[Opening Supplied records section]
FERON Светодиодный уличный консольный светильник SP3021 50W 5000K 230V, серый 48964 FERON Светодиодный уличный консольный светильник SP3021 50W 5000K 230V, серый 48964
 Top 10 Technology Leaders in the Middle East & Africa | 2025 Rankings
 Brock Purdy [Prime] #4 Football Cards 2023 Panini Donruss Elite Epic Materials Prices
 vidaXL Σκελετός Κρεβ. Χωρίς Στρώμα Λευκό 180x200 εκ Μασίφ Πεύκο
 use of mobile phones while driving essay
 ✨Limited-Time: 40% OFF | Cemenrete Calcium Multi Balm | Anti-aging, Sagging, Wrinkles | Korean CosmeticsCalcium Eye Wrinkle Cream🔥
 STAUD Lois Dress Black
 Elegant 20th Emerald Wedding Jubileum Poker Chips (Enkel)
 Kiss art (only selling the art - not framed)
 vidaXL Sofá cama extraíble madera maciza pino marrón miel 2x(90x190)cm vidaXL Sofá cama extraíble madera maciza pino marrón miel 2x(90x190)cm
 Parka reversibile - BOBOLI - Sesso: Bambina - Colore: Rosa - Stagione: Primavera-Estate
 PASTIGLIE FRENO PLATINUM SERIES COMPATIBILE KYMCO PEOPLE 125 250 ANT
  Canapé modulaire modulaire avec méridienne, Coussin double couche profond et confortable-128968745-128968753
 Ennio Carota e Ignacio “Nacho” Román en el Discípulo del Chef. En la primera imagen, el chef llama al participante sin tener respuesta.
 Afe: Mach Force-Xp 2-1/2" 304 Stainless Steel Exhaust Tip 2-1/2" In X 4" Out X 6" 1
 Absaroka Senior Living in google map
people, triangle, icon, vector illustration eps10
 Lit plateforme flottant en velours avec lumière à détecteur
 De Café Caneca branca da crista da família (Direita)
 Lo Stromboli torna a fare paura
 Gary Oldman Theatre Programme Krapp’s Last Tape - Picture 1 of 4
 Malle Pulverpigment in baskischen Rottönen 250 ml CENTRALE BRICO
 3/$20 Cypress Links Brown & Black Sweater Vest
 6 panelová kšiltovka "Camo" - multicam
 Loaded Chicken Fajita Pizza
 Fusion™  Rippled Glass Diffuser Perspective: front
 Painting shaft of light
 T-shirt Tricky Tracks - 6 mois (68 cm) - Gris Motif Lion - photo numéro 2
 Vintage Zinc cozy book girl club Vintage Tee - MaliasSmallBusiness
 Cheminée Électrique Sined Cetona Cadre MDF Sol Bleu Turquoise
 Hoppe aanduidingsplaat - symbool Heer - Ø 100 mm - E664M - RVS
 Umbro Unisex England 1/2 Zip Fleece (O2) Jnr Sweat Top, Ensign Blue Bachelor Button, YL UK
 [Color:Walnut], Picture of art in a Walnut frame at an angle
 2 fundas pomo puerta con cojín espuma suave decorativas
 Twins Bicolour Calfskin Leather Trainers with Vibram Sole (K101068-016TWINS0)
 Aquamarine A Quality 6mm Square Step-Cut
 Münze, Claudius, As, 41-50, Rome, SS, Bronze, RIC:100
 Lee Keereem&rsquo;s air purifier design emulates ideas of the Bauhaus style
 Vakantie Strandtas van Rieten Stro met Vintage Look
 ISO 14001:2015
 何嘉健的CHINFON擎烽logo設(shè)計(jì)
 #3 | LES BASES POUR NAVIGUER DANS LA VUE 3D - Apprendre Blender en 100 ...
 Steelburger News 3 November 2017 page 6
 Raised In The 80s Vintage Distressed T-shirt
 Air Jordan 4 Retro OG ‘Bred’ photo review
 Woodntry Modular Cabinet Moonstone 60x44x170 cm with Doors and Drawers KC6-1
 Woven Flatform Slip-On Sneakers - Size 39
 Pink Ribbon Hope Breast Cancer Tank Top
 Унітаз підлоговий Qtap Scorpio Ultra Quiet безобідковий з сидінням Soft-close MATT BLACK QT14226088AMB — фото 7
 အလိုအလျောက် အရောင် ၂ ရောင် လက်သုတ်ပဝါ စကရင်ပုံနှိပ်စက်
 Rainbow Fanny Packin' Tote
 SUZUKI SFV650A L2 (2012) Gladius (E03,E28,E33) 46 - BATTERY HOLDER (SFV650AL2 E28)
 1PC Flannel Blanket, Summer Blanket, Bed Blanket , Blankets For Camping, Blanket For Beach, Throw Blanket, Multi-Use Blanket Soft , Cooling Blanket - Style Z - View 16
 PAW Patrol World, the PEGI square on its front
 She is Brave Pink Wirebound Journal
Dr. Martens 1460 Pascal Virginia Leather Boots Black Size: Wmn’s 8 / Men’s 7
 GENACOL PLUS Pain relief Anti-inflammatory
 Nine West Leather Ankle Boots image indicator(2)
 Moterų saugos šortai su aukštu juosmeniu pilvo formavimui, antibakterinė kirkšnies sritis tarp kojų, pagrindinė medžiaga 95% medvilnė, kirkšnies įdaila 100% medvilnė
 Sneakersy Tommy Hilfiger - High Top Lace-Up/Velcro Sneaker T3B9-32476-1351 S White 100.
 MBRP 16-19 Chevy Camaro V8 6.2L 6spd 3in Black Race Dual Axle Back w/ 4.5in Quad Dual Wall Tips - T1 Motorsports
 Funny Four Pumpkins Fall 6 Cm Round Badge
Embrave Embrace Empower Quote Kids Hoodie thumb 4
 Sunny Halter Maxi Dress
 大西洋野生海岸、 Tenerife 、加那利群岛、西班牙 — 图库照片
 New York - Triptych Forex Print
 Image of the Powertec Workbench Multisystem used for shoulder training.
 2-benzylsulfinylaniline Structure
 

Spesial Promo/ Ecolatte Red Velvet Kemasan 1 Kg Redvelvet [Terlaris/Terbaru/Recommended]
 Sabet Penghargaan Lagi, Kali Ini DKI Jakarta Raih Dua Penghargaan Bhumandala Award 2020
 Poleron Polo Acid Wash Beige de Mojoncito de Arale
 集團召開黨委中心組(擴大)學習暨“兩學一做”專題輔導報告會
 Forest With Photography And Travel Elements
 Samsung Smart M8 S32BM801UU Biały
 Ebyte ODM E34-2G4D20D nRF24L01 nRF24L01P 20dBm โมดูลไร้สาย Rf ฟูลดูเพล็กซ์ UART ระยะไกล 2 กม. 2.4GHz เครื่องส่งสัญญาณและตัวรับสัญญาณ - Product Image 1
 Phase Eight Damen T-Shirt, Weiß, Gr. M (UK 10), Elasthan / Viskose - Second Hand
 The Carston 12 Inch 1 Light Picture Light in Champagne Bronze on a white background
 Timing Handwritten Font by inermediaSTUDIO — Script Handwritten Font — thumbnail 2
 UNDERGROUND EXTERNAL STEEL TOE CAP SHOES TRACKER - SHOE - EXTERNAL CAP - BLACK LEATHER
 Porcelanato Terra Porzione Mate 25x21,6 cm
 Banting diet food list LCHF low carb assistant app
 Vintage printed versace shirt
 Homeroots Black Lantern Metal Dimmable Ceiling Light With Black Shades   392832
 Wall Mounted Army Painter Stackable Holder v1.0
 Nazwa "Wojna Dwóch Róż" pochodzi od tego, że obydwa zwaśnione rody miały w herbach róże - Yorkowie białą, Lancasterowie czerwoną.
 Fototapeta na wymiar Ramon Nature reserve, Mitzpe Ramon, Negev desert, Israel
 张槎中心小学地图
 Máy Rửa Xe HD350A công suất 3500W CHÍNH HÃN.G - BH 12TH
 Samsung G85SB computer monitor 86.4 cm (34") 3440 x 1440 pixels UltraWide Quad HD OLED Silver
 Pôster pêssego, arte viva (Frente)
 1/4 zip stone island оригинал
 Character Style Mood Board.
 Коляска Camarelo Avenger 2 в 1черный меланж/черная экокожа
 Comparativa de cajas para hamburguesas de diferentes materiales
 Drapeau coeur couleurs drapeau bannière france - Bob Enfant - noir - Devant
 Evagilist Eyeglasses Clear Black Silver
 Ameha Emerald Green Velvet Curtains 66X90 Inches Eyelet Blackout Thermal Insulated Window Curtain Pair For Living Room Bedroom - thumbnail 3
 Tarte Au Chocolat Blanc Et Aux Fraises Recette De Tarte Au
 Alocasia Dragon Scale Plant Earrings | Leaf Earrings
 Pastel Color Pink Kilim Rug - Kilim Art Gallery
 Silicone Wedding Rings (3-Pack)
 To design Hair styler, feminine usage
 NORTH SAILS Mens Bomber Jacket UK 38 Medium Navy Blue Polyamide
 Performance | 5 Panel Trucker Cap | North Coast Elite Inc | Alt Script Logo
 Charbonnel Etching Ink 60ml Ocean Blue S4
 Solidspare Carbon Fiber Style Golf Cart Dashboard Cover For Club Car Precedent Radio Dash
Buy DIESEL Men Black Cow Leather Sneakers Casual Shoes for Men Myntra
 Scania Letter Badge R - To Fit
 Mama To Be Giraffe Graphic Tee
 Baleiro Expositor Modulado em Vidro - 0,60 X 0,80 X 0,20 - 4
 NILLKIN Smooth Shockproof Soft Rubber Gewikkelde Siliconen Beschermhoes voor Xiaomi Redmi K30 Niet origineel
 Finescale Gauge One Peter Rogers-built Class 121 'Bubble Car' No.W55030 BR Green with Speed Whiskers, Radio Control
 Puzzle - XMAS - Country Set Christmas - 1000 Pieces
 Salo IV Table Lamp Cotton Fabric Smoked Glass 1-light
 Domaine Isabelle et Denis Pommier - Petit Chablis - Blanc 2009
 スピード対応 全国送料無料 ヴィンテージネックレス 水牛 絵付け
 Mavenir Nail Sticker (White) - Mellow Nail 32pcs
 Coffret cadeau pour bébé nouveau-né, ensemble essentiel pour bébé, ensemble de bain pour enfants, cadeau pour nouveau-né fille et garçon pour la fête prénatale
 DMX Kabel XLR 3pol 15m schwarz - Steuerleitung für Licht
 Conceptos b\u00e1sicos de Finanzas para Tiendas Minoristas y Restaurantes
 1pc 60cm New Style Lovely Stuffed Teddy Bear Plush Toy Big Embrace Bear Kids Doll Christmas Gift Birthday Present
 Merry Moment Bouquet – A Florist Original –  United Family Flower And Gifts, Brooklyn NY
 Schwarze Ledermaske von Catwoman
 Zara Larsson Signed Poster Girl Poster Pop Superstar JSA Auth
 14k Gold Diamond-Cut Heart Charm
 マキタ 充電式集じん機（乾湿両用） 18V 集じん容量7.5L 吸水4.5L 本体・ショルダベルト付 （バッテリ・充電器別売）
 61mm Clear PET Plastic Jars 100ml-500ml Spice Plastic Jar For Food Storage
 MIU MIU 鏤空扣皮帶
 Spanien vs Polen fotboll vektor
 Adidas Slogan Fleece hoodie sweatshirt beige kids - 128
[Closing Supplied records section]
In the listing above, find the line containing "Puzzle - XMAS" and the line containing "Schwarze Ledermaske von Catwoman", then repeat those two lines and everything between them exactly.

Output for this task:
 Puzzle - XMAS - Country Set Christmas - 1000 Pieces
 Salo IV Table Lamp Cotton Fabric Smoked Glass 1-light
 Domaine Isabelle et Denis Pommier - Petit Chablis - Blanc 2009
 スピード対応 全国送料無料 ヴィンテージネックレス 水牛 絵付け
 Mavenir Nail Sticker (White) - Mellow Nail 32pcs
 Coffret cadeau pour bébé nouveau-né, ensemble essentiel pour bébé, ensemble de bain pour enfants, cadeau pour nouveau-né fille et garçon pour la fête prénatale
 DMX Kabel XLR 3pol 15m schwarz - Steuerleitung für Licht
 Conceptos b\u00e1sicos de Finanzas para Tiendas Minoristas y Restaurantes
 1pc 60cm New Style Lovely Stuffed Teddy Bear Plush Toy Big Embrace Bear Kids Doll Christmas Gift Birthday Present
 Merry Moment Bouquet – A Florist Original –  United Family Flower And Gifts, Brooklyn NY
 Schwarze Ledermaske von Catwoman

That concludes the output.